> [RECORDS SUPPLIED]:
──────

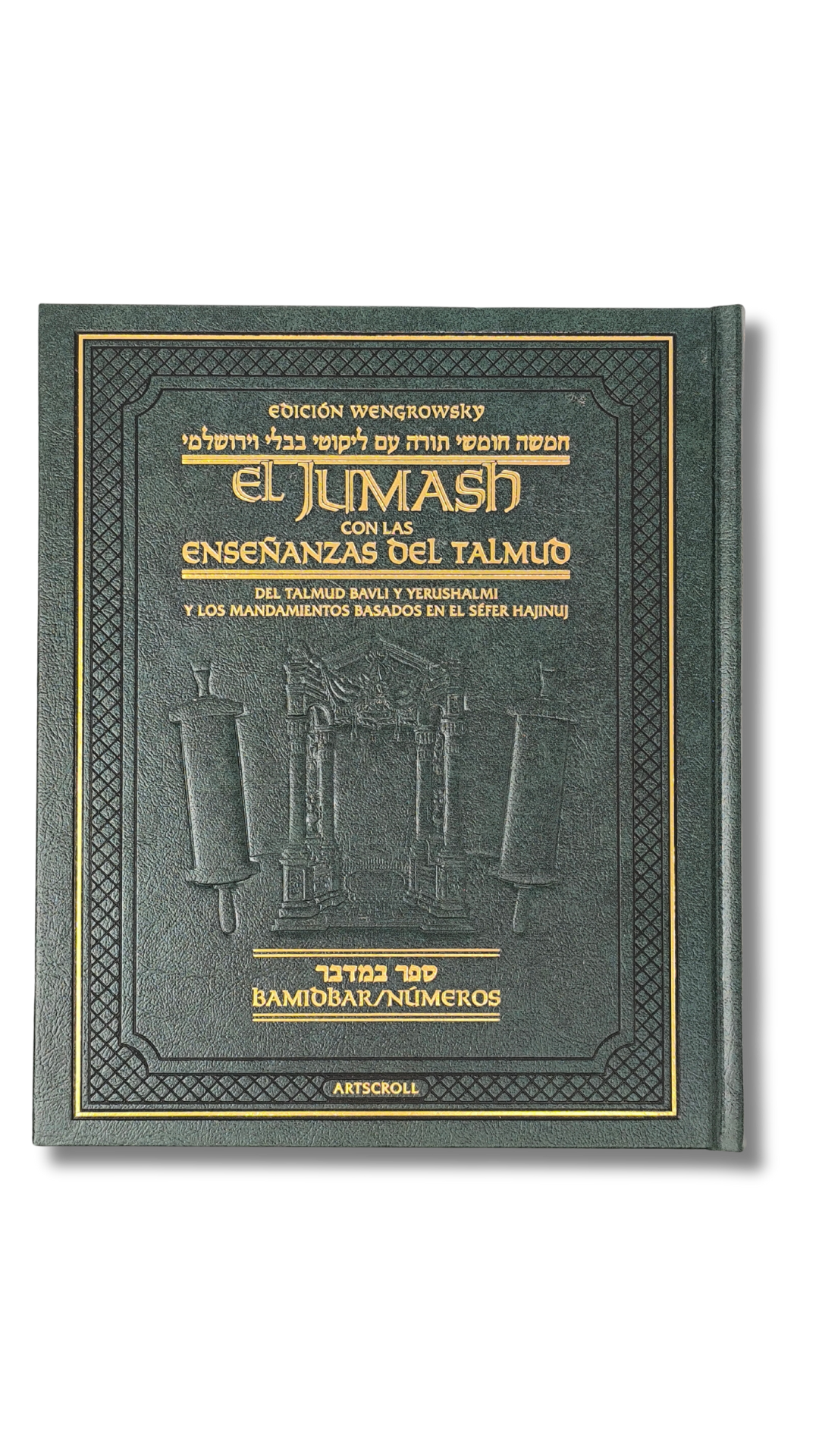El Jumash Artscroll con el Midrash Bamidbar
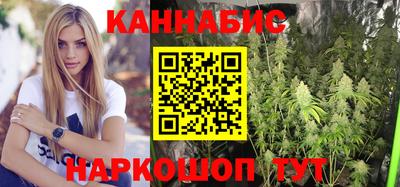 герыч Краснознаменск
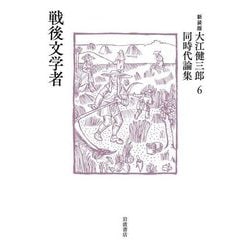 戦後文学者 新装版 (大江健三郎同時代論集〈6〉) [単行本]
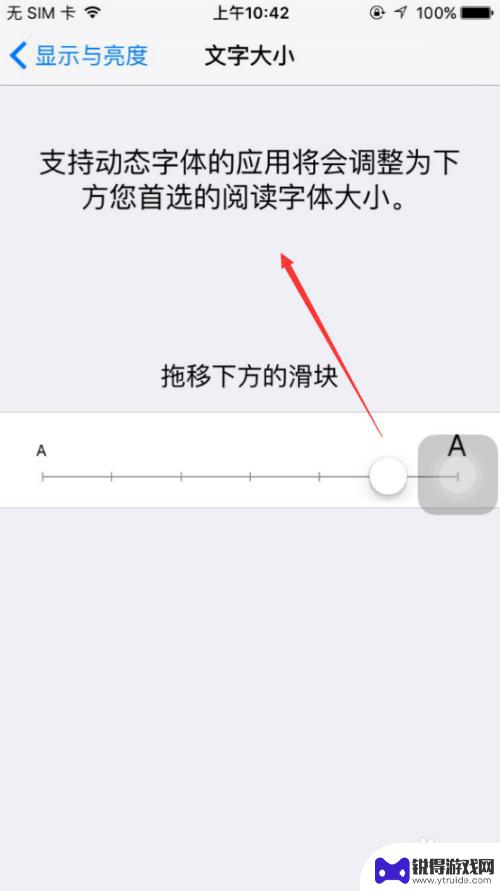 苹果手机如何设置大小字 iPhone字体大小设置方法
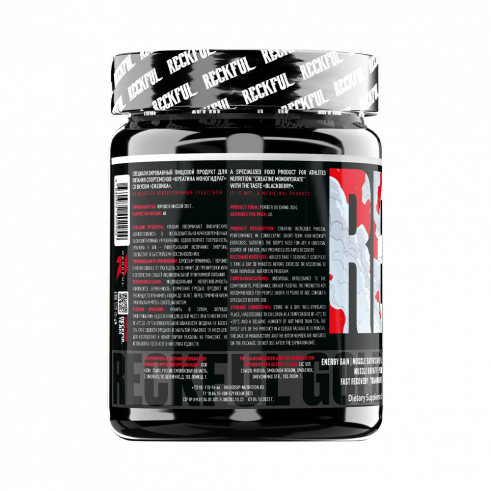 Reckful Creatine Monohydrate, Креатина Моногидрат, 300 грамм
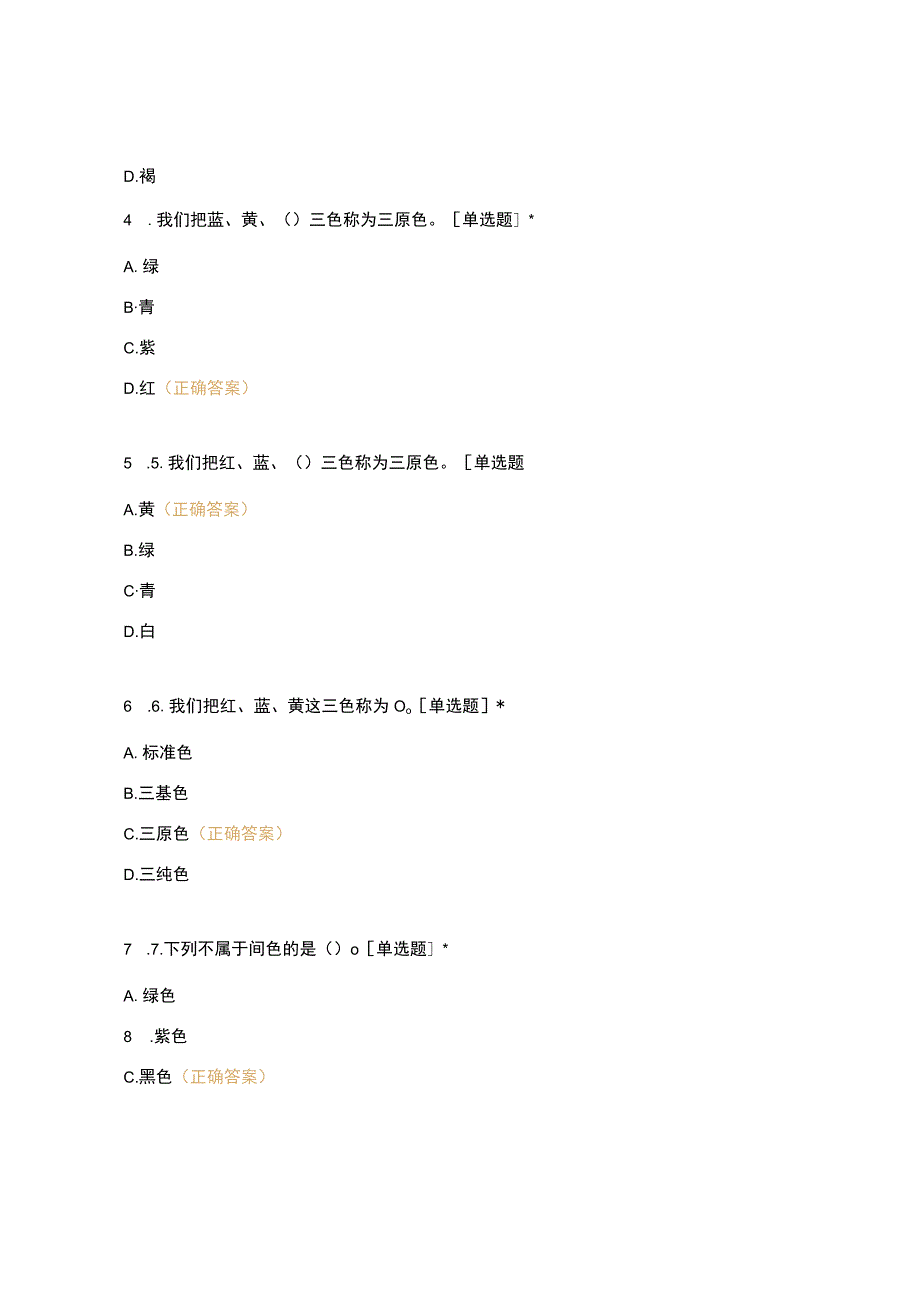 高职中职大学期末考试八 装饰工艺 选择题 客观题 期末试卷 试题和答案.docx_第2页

──────

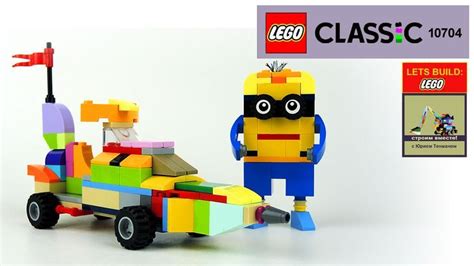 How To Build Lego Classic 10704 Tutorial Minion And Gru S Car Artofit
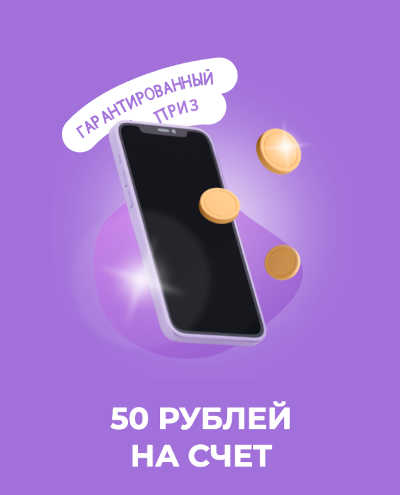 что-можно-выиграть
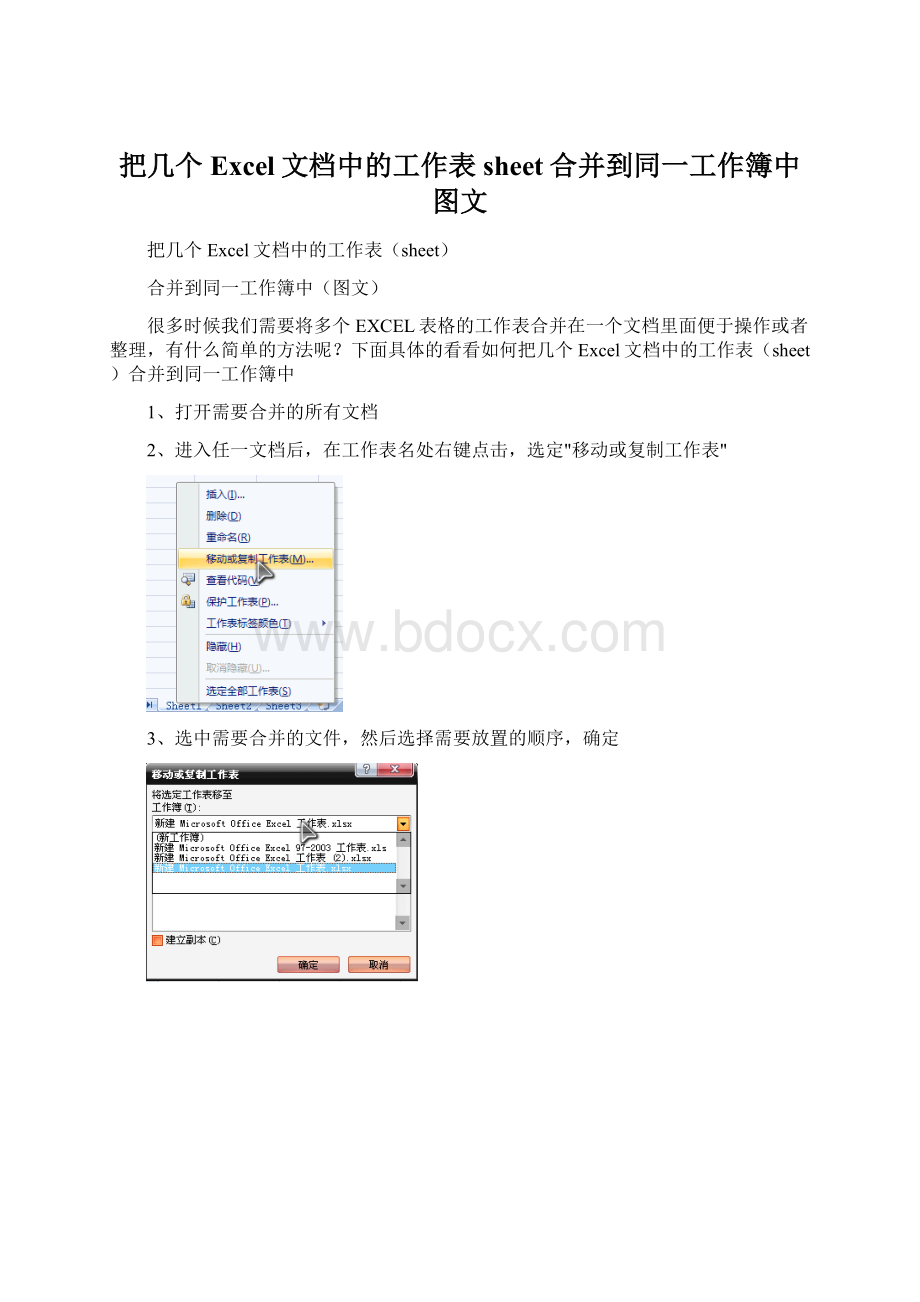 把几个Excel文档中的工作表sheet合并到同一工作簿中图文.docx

──────

Starting at the line with "Reckful Creatine Monohydrate, Креатина" and finishing at the line with "高职中职大学期末考试八 装饰工艺 选择题 客观题 期末试卷 试题和答案.docx_第2页", copy the material above exactly, both lines included. Nothing else goes in, and no pictures.

 Reckful Creatine Monohydrate, Креатина Моногидрат, 300 грамм
 高职中职大学期末考试八 装饰工艺 选择题 客观题 期末试卷 试题和答案.docx_第2页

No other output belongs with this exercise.